The authors respond to a proposal in this issue of Academic Medicine by Ray, Bishop, and Dow, who recommend adopting a free-market approach to the Match in which applicants and programs negotiate directly with each other to find and fill residency positions year-round. This Invited Commentary examines and responds to the reasons Ray and colleagues give for changing the Match and explores their proposal’s implications and likelihood of success.
The authors question Ray and colleagues’ argument that assumptions underlying the National Resident Matching Program algorithm have been violated. The authors suggest there is insufficient evidence for the “July effect” and that the possibility for improvement in physician supply due to the year-round entry of graduates into the workforce ultimately faces the rate-limiting step of caps on residency positions allocated to programs. Most important, competency-based medical education, on which the free-market proposal depends, is not yet sufficiently developed.

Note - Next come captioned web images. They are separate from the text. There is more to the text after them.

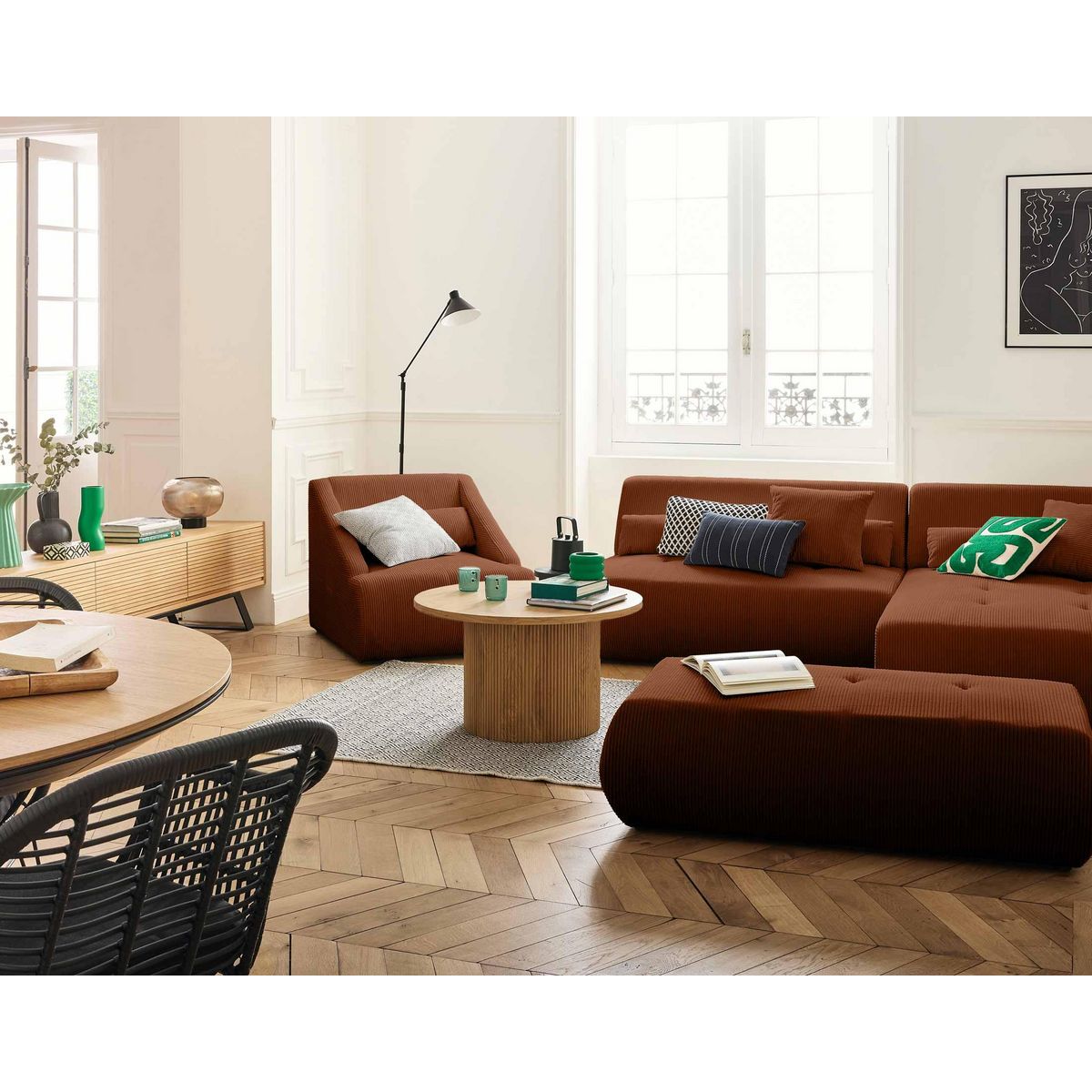 LISA DESIGN Onyx - fauteuil - en velours côtelé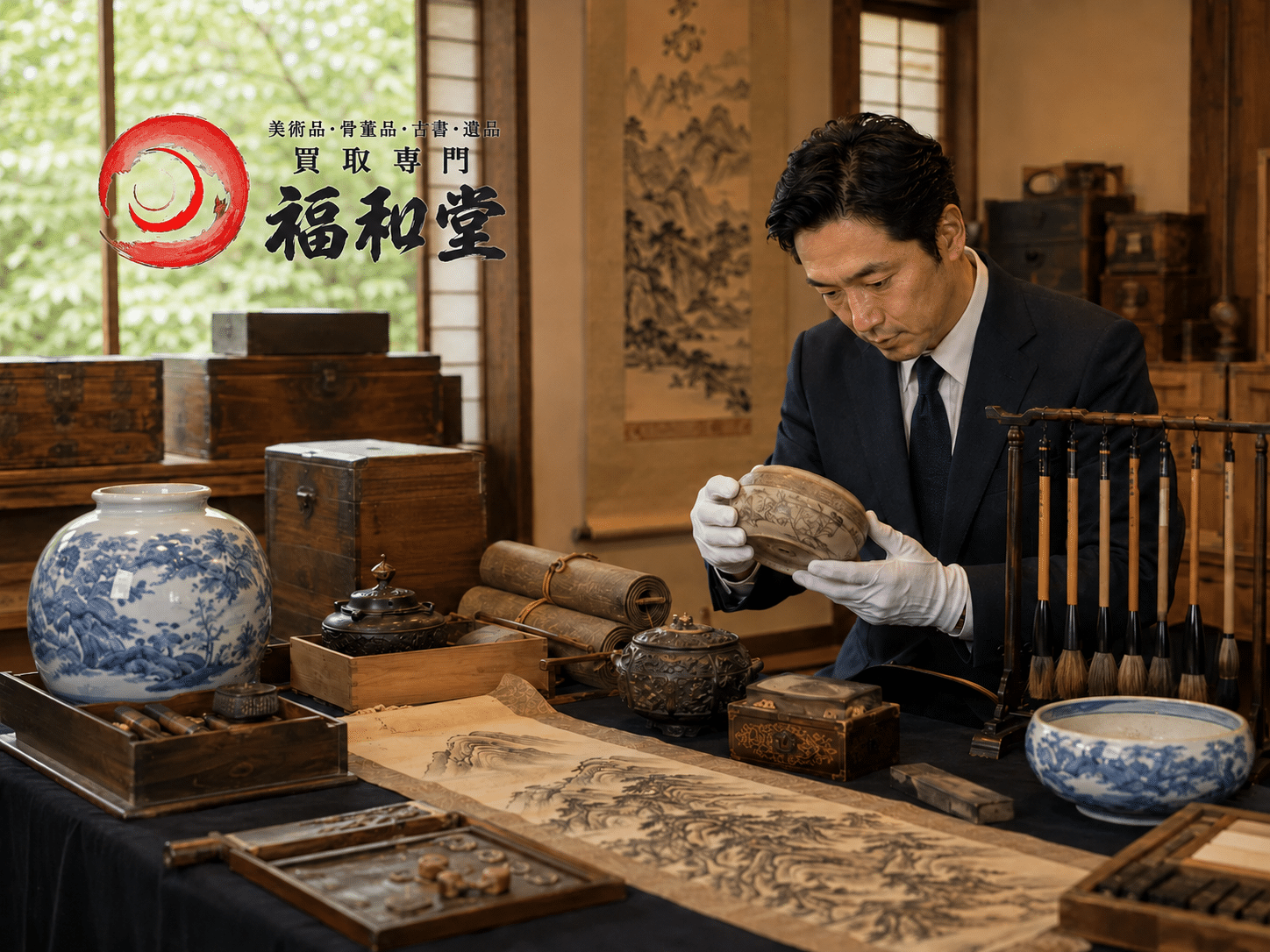 蔵から出てきた掛軸・香木・書道具・中国美術をまとめて査定する様子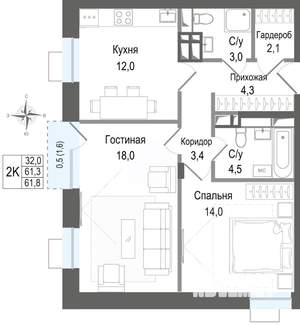 2-к квартира, строящийся дом, 61м2, 4/8 этаж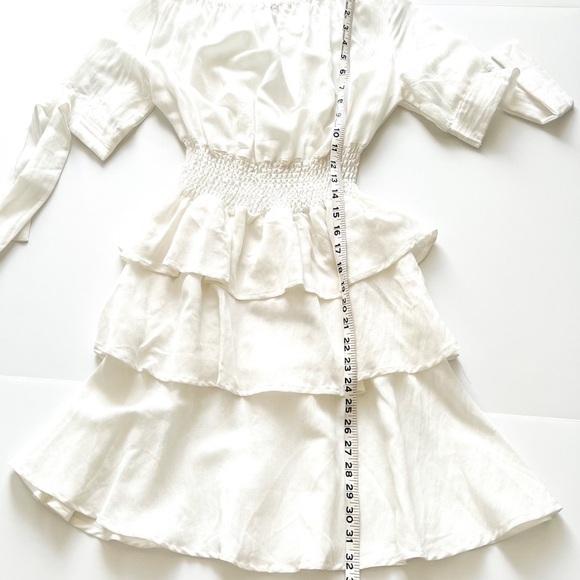 Lioness White Linen-Blend Ruffle 'Cuban' Dress M - Picture 7 of 15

Nonetheless, the imbalanced ratio of applicants to positions in the Match is contributing to a rise in the numbers of student applications and program interviews. Although the proposed free-market approach might, as Ray and colleagues envision, curtail applications as well as reduce time and financial resources currently expended on the process, it would require significant changes on the part of applicants, residency programs, medical schools, and other stakeholders.
Because the proposed free-market approach could reduce some negative effects of the imbalance of applicants and positions, it merits ongoing discussion along with other more immediate practical solutions to issues with the Match.